Material provided:
· · · · ·
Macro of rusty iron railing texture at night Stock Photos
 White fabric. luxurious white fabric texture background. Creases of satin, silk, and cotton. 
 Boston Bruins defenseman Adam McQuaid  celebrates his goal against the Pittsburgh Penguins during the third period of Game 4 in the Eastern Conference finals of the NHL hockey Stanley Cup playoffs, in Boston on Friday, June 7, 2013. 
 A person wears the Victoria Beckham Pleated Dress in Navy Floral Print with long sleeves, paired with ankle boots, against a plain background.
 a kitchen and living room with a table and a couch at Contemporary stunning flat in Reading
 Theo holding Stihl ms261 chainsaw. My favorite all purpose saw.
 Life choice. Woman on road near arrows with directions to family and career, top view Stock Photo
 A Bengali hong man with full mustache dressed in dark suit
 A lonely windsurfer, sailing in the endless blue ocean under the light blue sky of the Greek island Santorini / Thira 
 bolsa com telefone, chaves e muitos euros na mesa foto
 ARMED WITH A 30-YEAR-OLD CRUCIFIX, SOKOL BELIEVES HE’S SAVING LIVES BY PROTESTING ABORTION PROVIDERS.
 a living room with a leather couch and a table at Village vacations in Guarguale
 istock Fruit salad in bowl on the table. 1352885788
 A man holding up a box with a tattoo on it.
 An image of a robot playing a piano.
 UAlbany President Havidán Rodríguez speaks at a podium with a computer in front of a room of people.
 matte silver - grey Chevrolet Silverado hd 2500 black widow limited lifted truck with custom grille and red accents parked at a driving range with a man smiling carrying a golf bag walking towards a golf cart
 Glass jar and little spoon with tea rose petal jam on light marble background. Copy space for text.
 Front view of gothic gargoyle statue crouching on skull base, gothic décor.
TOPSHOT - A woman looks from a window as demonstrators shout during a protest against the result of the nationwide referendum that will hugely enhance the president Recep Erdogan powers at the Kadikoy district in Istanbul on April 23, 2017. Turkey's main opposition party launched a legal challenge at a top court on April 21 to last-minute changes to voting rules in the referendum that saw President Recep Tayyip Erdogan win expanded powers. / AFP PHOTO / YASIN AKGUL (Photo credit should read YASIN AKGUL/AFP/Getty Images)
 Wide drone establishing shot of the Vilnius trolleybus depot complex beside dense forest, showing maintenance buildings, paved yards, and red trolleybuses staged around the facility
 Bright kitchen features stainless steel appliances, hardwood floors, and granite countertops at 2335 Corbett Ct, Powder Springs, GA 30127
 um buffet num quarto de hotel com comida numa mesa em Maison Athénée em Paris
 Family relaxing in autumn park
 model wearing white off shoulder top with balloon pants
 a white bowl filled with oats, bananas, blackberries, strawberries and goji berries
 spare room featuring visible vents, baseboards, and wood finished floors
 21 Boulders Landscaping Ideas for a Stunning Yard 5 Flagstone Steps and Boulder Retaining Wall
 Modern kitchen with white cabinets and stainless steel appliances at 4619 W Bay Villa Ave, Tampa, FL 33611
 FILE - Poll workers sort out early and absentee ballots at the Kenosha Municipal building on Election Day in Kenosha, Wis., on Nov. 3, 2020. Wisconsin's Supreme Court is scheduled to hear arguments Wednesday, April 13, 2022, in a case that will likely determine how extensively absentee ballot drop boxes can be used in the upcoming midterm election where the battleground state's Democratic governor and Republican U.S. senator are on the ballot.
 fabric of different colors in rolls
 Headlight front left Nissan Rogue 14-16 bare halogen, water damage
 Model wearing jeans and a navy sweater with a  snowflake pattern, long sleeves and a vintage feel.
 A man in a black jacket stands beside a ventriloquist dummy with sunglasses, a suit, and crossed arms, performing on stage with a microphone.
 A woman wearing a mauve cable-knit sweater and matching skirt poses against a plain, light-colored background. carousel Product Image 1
· · · · ·
Aim of the exercise: What you return should match the data character for character.

Answer section:
Macro of rusty iron railing texture at night Stock Photos
 White fabric. luxurious white fabric texture background. Creases of satin, silk, and cotton. 
 Boston Bruins defenseman Adam McQuaid  celebrates his goal against the Pittsburgh Penguins during the third period of Game 4 in the Eastern Conference finals of the NHL hockey Stanley Cup playoffs, in Boston on Friday, June 7, 2013. 
 A person wears the Victoria Beckham Pleated Dress in Navy Floral Print with long sleeves, paired with ankle boots, against a plain background.
 a kitchen and living room with a table and a couch at Contemporary stunning flat in Reading
 Theo holding Stihl ms261 chainsaw. My favorite all purpose saw.
 Life choice. Woman on road near arrows with directions to family and career, top view Stock Photo
 A Bengali hong man with full mustache dressed in dark suit
 A lonely windsurfer, sailing in the endless blue ocean under the light blue sky of the Greek island Santorini / Thira 
 bolsa com telefone, chaves e muitos euros na mesa foto
 ARMED WITH A 30-YEAR-OLD CRUCIFIX, SOKOL BELIEVES HE’S SAVING LIVES BY PROTESTING ABORTION PROVIDERS.
 a living room with a leather couch and a table at Village vacations in Guarguale
 istock Fruit salad in bowl on the table. 1352885788
 A man holding up a box with a tattoo on it.
 An image of a robot playing a piano.
 UAlbany President Havidán Rodríguez speaks at a podium with a computer in front of a room of people.
 matte silver - grey Chevrolet Silverado hd 2500 black widow limited lifted truck with custom grille and red accents parked at a driving range with a man smiling carrying a golf bag walking towards a golf cart
 Glass jar and little spoon with tea rose petal jam on light marble background. Copy space for text.
 Front view of gothic gargoyle statue crouching on skull base, gothic décor.
TOPSHOT - A woman looks from a window as demonstrators shout during a protest against the result of the nationwide referendum that will hugely enhance the president Recep Erdogan powers at the Kadikoy district in Istanbul on April 23, 2017. Turkey's main opposition party launched a legal challenge at a top court on April 21 to last-minute changes to voting rules in the referendum that saw President Recep Tayyip Erdogan win expanded powers. / AFP PHOTO / YASIN AKGUL (Photo credit should read YASIN AKGUL/AFP/Getty Images)
 Wide drone establishing shot of the Vilnius trolleybus depot complex beside dense forest, showing maintenance buildings, paved yards, and red trolleybuses staged around the facility
 Bright kitchen features stainless steel appliances, hardwood floors, and granite countertops at 2335 Corbett Ct, Powder Springs, GA 30127
 um buffet num quarto de hotel com comida numa mesa em Maison Athénée em Paris
 Family relaxing in autumn park
 model wearing white off shoulder top with balloon pants
 a white bowl filled with oats, bananas, blackberries, strawberries and goji berries
 spare room featuring visible vents, baseboards, and wood finished floors
 21 Boulders Landscaping Ideas for a Stunning Yard 5 Flagstone Steps and Boulder Retaining Wall
 Modern kitchen with white cabinets and stainless steel appliances at 4619 W Bay Villa Ave, Tampa, FL 33611
 FILE - Poll workers sort out early and absentee ballots at the Kenosha Municipal building on Election Day in Kenosha, Wis., on Nov. 3, 2020. Wisconsin's Supreme Court is scheduled to hear arguments Wednesday, April 13, 2022, in a case that will likely determine how extensively absentee ballot drop boxes can be used in the upcoming midterm election where the battleground state's Democratic governor and Republican U.S. senator are on the ballot.
 fabric of different colors in rolls
 Headlight front left Nissan Rogue 14-16 bare halogen, water damage
 Model wearing jeans and a navy sweater with a  snowflake pattern, long sleeves and a vintage feel.
 A man in a black jacket stands beside a ventriloquist dummy with sunglasses, a suit, and crossed arms, performing on stage with a microphone.
 A woman wearing a mauve cable-knit sweater and matching skirt poses against a plain, light-colored background. carousel Product Image 1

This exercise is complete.